Collected material:
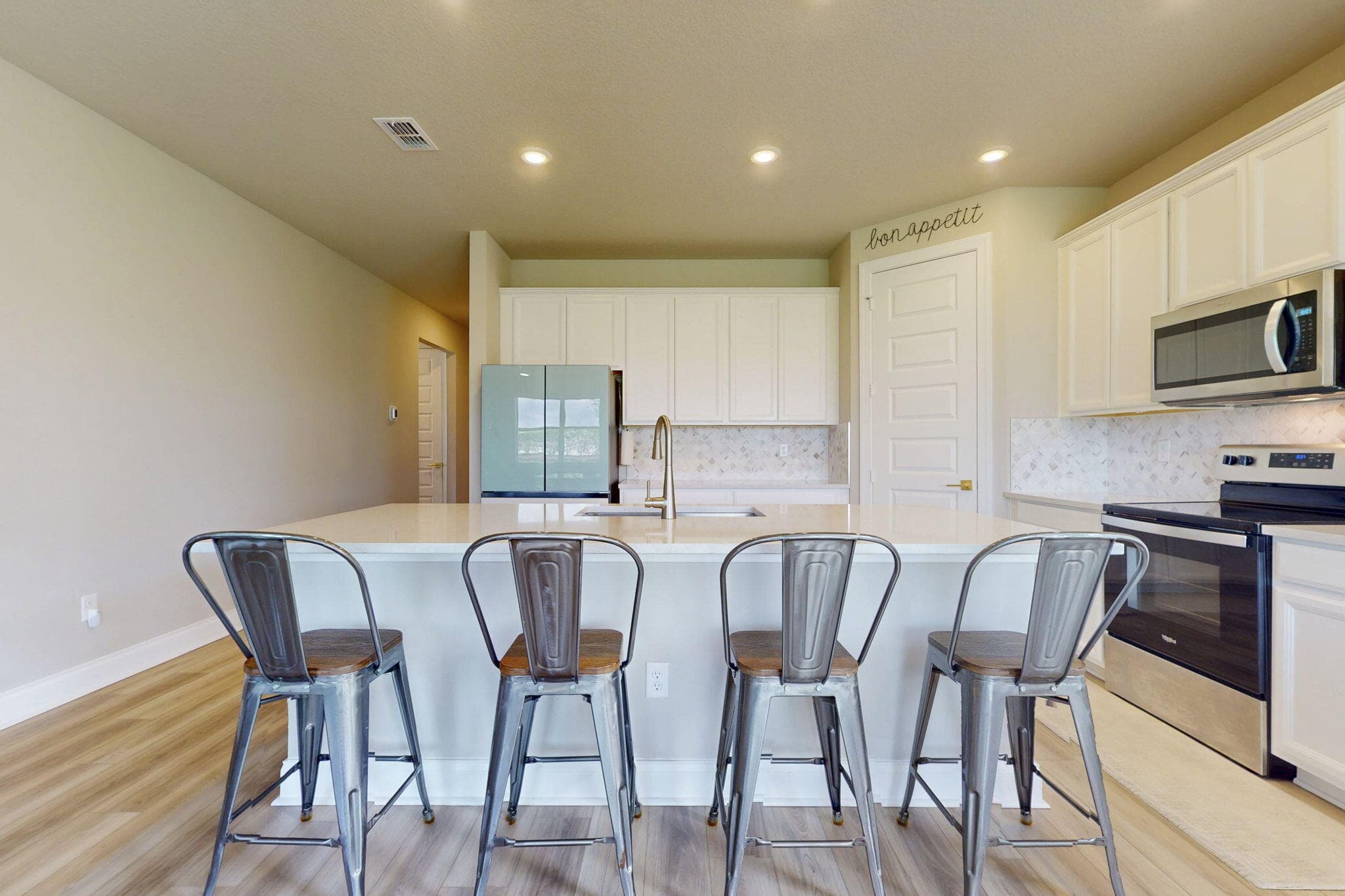 6624 NW Cloverdale Avenue, Port St. Lucie, FL 34987 — photo 15 of 113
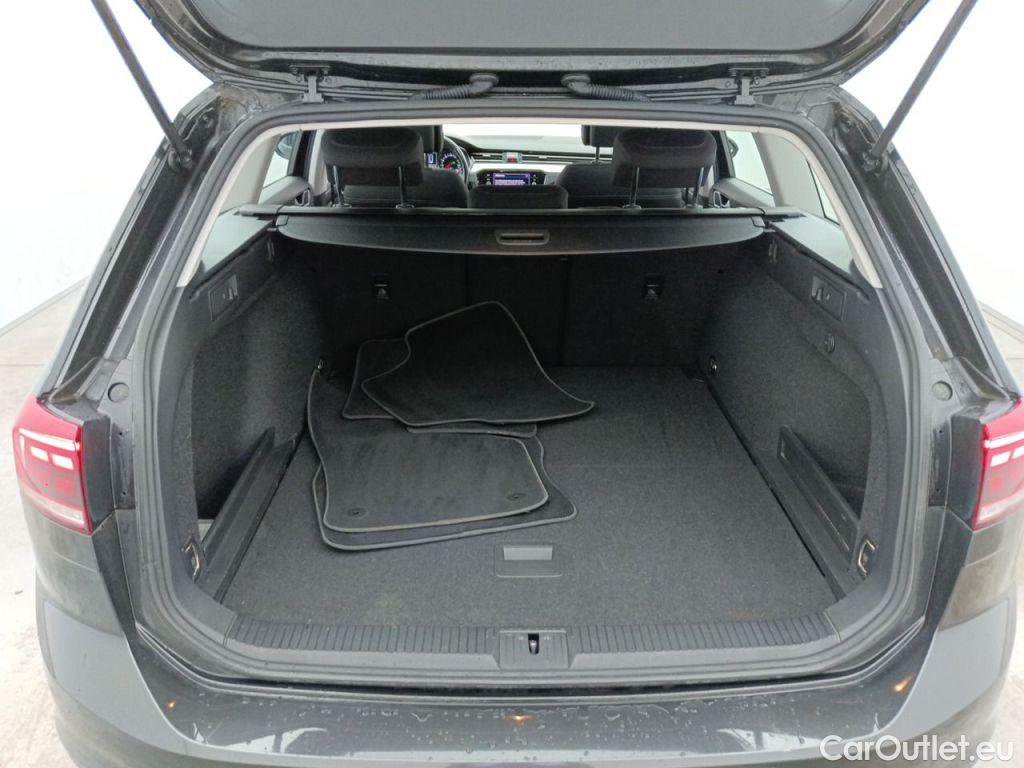 Volkswagen  Passat VOLKSWAGEN  VARIANT PA - 2019 2.0 TDi 150 Business DSG7 (EU6 d) 5d #14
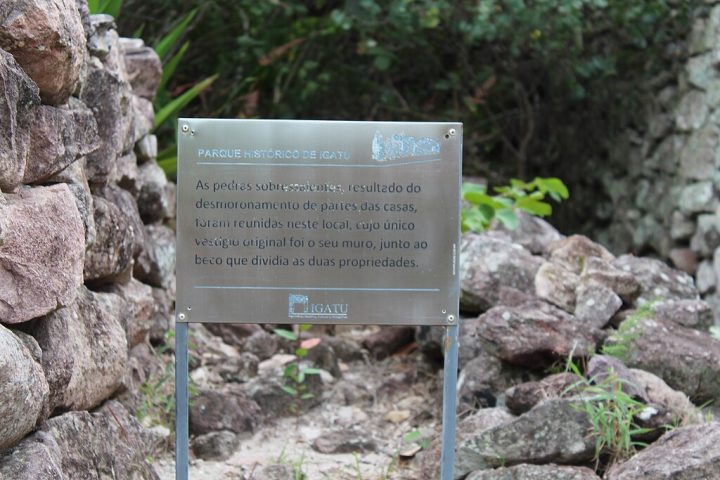 Além do mais, ao promover o turismo sustentável, Igatu garante que o fluxo de visitantes fortaleça a economia local sem agredir o meio ambiente.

Work instructions: For this exercise, return the data above exactly and leave every picture out.

Your response:
 6624 NW Cloverdale Avenue, Port St. Lucie, FL 34987 — photo 15 of 113
 Volkswagen  Passat VOLKSWAGEN  VARIANT PA - 2019 2.0 TDi 150 Business DSG7 (EU6 d) 5d #14
 Além do mais, ao promover o turismo sustentável, Igatu garante que o fluxo de visitantes fortaleça a economia local sem agredir o meio ambiente.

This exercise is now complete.